Moins que l'espoir de pillage, l'idée de prêter main-forte à leurs seigneurs et maîtres les poussait [38].
[Note 38: Autant les sauvagesses du Sud sont molles et apathiques,
autant celles du Nord sont hardies, belliqueuses, remplies d'initiative.
On en voit figurer dans la plupart des expéditions entreprises par les
Chippiouais.]
Elles marchaient donc à la bataille, en proférant des cris perçants, quand le traîneau de Mac Carthy fondit comme une flèche au milieu du bataillon qu'elles formaient.
Reconnaissant celles qui les nourrissaient, les chiens s'arrêtèrent.
C'était la ce que Mac Carthy redoutait par-dessus tout. Il fustigea brutalement les pauvres bêtes pour les faire passer outre. Peine perdue, l'attelage ne bougea pas plus que s'il eût été gelé sur place.
La vue de Victorine causa un vif étonnement aux sauvagesses, qui jamais auparavant n'avaient rencontré une blanche et s'imaginaient que toutes les femmes étaient rouges comme elles, ou au plus cuivrées comme les demi-sang.

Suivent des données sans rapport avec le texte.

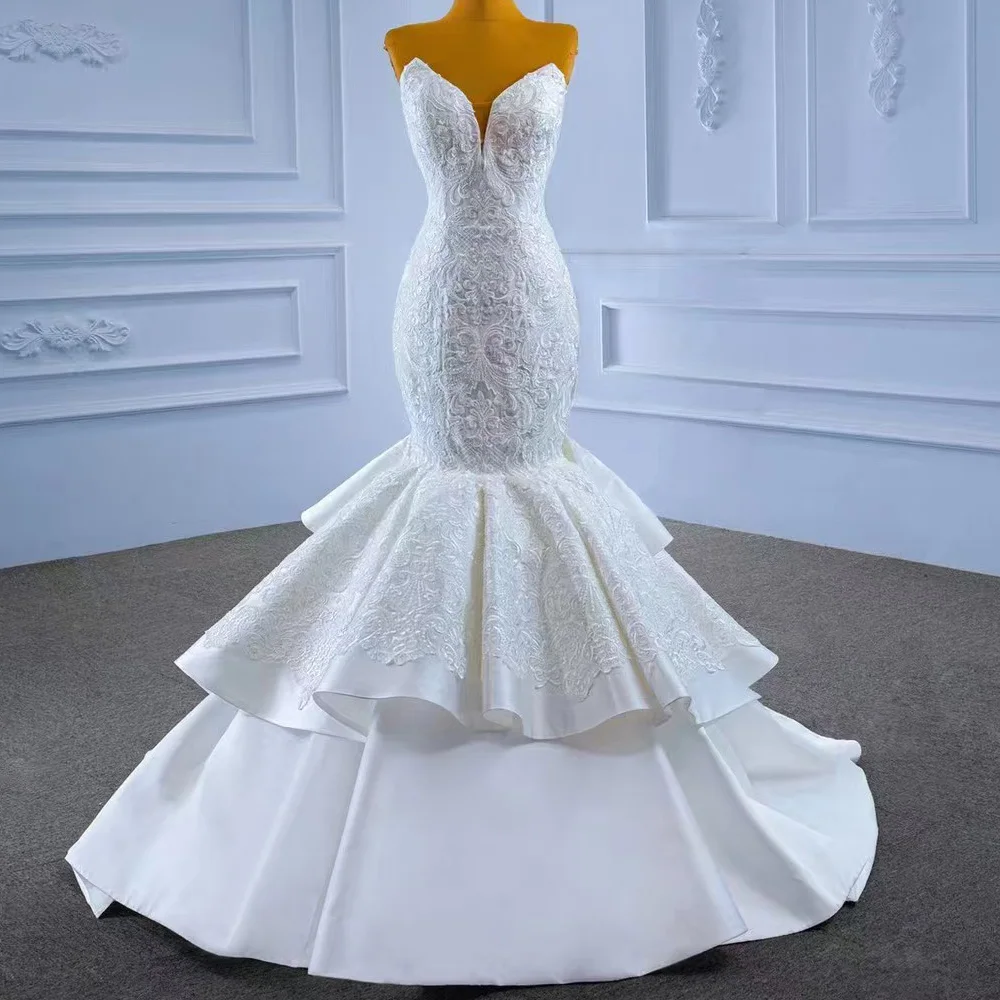 

Women's Sheath Style Wedding Dress With Sweetheart Sleeveless Lace-Up Back Embroidery For Brides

Elles entourèrent le traîneau, et, timidement d'abord, s'approchèrent de madame Robin. Mais cette timidité dura peu. Bientôt les squaws s'enhardirent. Elles allongèrent les mains sur Victorine, la touchèrent avec des rires et des grimaces grotesques, et elles finirent par lui ôter la fourrure qui recouvrait fia tête, pour mieux examiner la jeune femme.
Celle-ci supporta avec patience leurs importunités, quoiqu'elle en fût cruellement blessée.

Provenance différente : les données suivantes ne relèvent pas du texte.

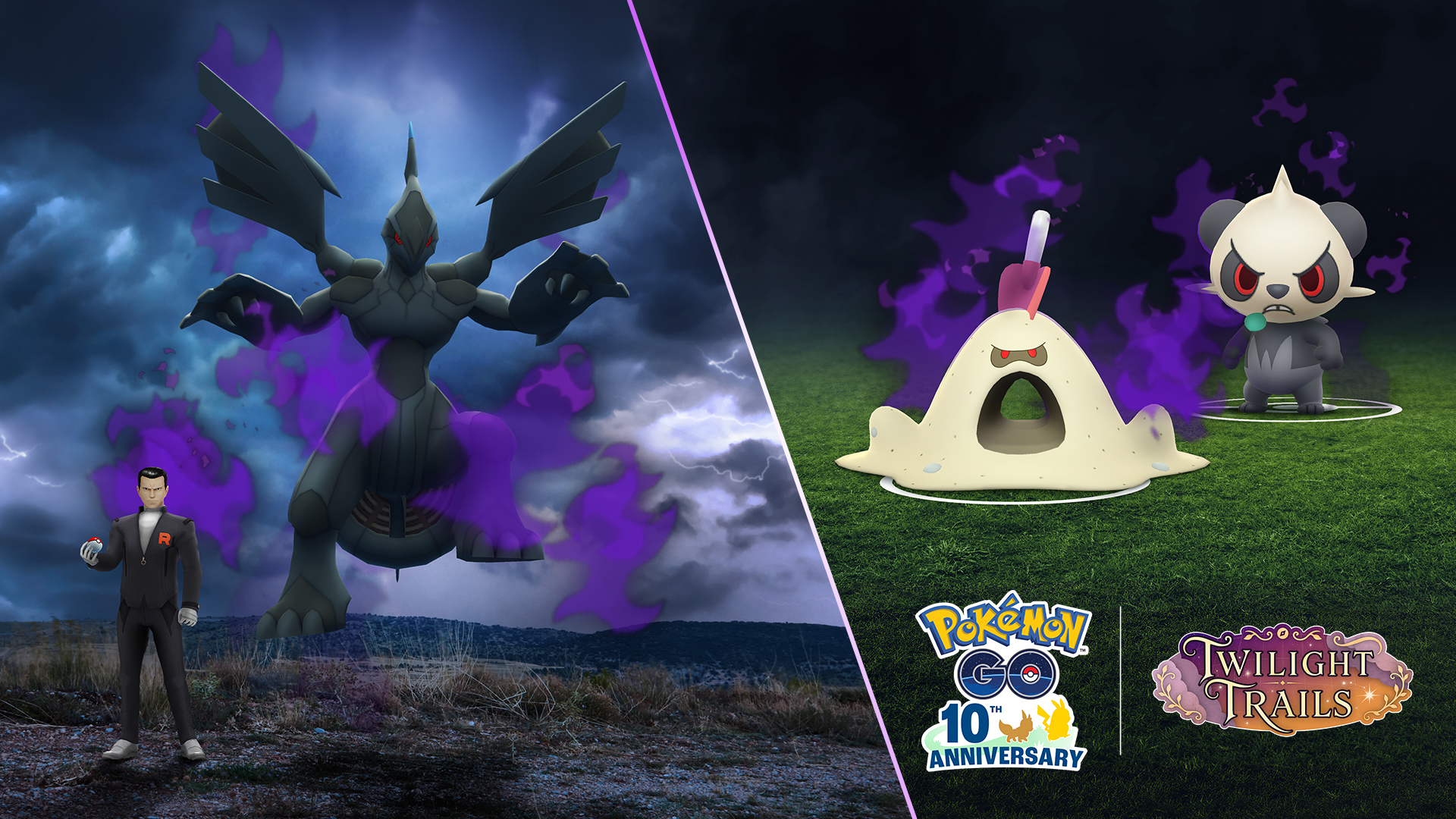 Giovanni with Shadow Zekrom, Shadow Sandygast, and Shadow Pancham in Pokémon GO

Mais Mac Carthy, s'apercevant que, non contentes de regarder, de palper, les squaws paraissaient disposées à dépouiller Victorine de ses vêtements pour se les approprier et s'assurer que la Peau-Blanche avait une conformation semblable à la leur[39], Mac Carthy voulut mettre fin à leur indiscrétion.

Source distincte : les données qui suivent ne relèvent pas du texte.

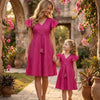 Mom & Me Pink Rayon Umbrella Style A-Line Dress with Drawstring Waist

[Note 39: A cet égard, les Indiens de l'Amérique Septentrionale sont, en général, les plus curieux des humains. Deux tribus étrangères, un peu distantes l'une de l'autre, viennent-elles à se rencontrer, elles s'inspectent mutuellement le corps, afin de voir si la nature les a pourvus d'organes identiques.]
—Retirez-vous! leur cria-t-il, en langue chippiouaise.
Cet ordre se perdit dans les rires bruyants des Indiennes, dont les tracasseries augmentaient à chaque instant.
—Veux-tu bien te retirer! continua James, en repoussant durement une squaw plus insolente que les autres et qui commençait à dégrafer la robe de Victorine.
Dans ce but, la sauvagesse était montée sur le bord du traîneau et se tenait courbée en deux.
Le coup que lui porta Mac Carthy lui fit perdre l'équilibre: elle roula dans la neige, à la grande hilarité de ses compagnes.
Furieuse de sa déconvenue, elle se releva et se précipita sur Mac
Carthy, en hurlant:
—Il battu une femme! ce louveteau a battu une femme! il faut le fouetter! il faut le fouetter.
Toutes les autres, après elle, répétèrent à l'envi:
—Il faut le fouetter! il faut le fouetter!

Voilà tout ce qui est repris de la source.